What you do not address is the absence of Thor and The Hulk -- the two most powerful characters of the Marvel universe of heroes. I think this was something inevitable; otherwise, you wouldn't get any balance of power. Would Bruce Banner subscribe to a government-regulated use of super-human ability? Not likely since he has been at war with the government from his conception. Where would Thor stand? He doesn't have a secret identity in the Marvel film universe and would probably find any constraints unappealing.

Thus you would find Marvel's two most awesome heros fighting on the side of Captain America, and this would tilt the outcome dramatically.

As much as we might miss these characters in the fight, it only stands to reason that they had to be excluded.

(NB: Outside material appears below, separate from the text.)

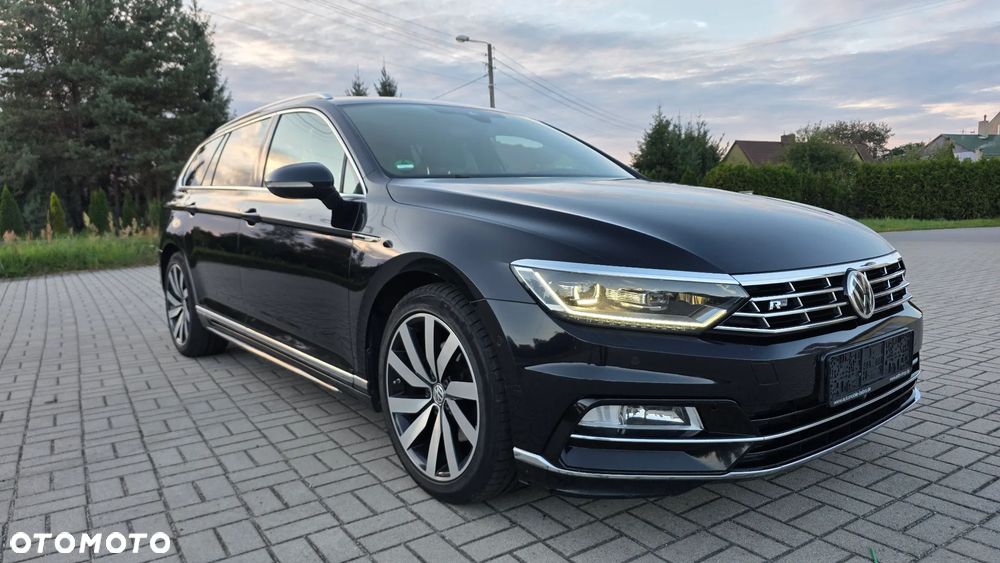 Volkswagen Passat 2.0 TDI BMT 4Mot Highline DSG - 1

And their exclusion adds a certain amount of fascination about "Thor: Ragnarok, which will apparently feature both characters.

Nickalooch profile image

Nickalooch 5 months ago from Columbia, MD Author

I agree with you that it would tip the favor Cap's direction as both would be on his side, but seeing how this is a universe we do realize that both characters are not on Earth to begin with. Hulk is unknown, but with the news that he will be in Thor 3 as you even say, it seems fair to say that he is not on Earth. Thor as we know from Age of Ultron went back to Asgard to learn more about the Infinity Stones due to what happened in that film. As for Thor in this fight, he wouldn't necessarily care because in the grand scheme of things he tends to not care for mortal things of this nature. He has his own worries in Asgard but if it is ever something where people are at danger, then of course he will help.

But because of all of this it is why I chose not to address them as they don't matter to the plot. Ross has a quote about them both, and that's it. They are two of the more powerful characters in the universe but in this film they did not matter.